Airport serving Shenzhen, Guangdong, China

Shenzhen Bao'an International Airport — formerly Shenzhen Huangtian Airport (until 2001) — is an international airport serving the city of Shenzhen in South Central China's Guangdong province. It is on the east bank of the Pearl River in Bao'an District, 32 km northwest of the city centre. It is a hub for Shenzhen Airlines, China Southern Airlines and Donghai Airlines and for cargo airline SF Airlines while serving as a focus city for Hainan Airlines. The airport also serves as an Asian-Pacific cargo hub for UPS Airlines. The airport underwent major expansions in the 2010s, with a second runway opening in 2011, and a new terminal in 2013. On 29 November 2025, a third runway officially opened.

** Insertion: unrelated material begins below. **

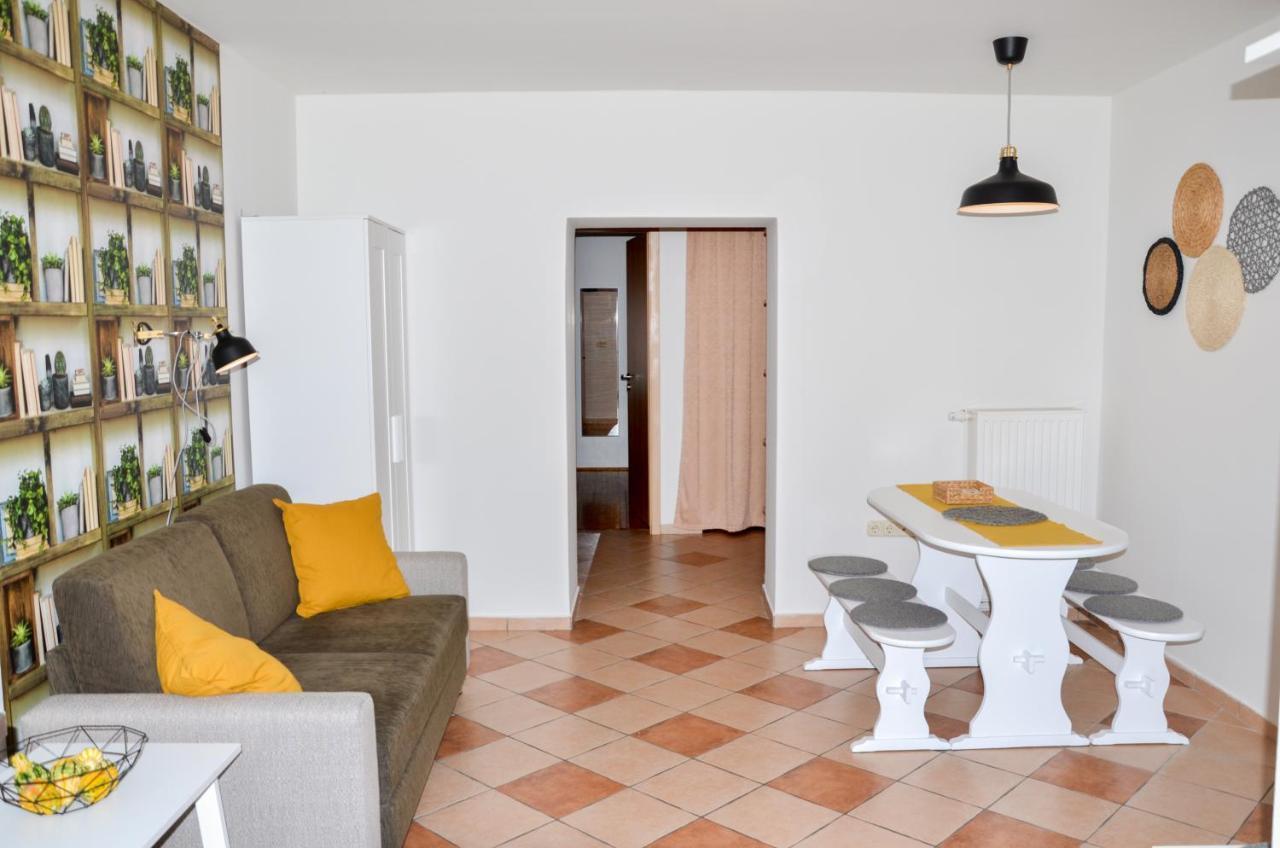 Apartment Alexandra Sarvar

It is one of the three largest airports serving the Pearl River Delta, alongside Hong Kong International Airport and Guangzhou Baiyun International Airport. The airport has direct ferry routes to Hong Kong International Airport, where passengers can transit without going through immigration and custom checks.

==History==
The airport was opened on 12 October 1991. It occupies an area of 10.8 km2. Its first runway is 3400 m long and 45 m wide, and it has 53 parking spaces on its apron. Shenzhen airport handled 52,734,934 passengers in 2023, according to Civil Aviation Administration of China, making it the fourth-busiest airport in mainland China. The airport was also the world's twenty-fourth busiest and the twentieth-busiest airport in terms of cargo traffic, registering 1,600,347.7 tonnes of freight in 2023. In terms of passenger movements, Shenzhen airport was the 5th busiest airport in China in 2018. Air China launched the first intercontinental air route out of Shenzhen, to Frankfurt Airport, Germany, on 21 May 2016.

===Former terminals===
Terminal A and B primarily served domestic flights. Terminal D, the international terminal, was opened in December 2008. It had no air gates of its own, just airside bus service to distant positions around the airport. These terminals covered an area of 152000 m2 and consisted of 24 jetways. All three former terminals were closed on 27 November 2013, with the brand new replacement Terminal 3 opening the following day.

===Current terminal===
At the beginning of 2008 the 1.6 km long new terminal commenced being built as one of main works for the 2011 Summer Universiade. Designed by the architectural firm Studio Fuksas, this new terminal building was called "Terminal 3" from the beginning of construction until its formal opening. Soon after the decision of the closure of Terminals A, B and D, "Terminal 3" was renamed as it was the only terminal building in operation. The terminal was opened on 28 November 2013 after four years of planning and construction.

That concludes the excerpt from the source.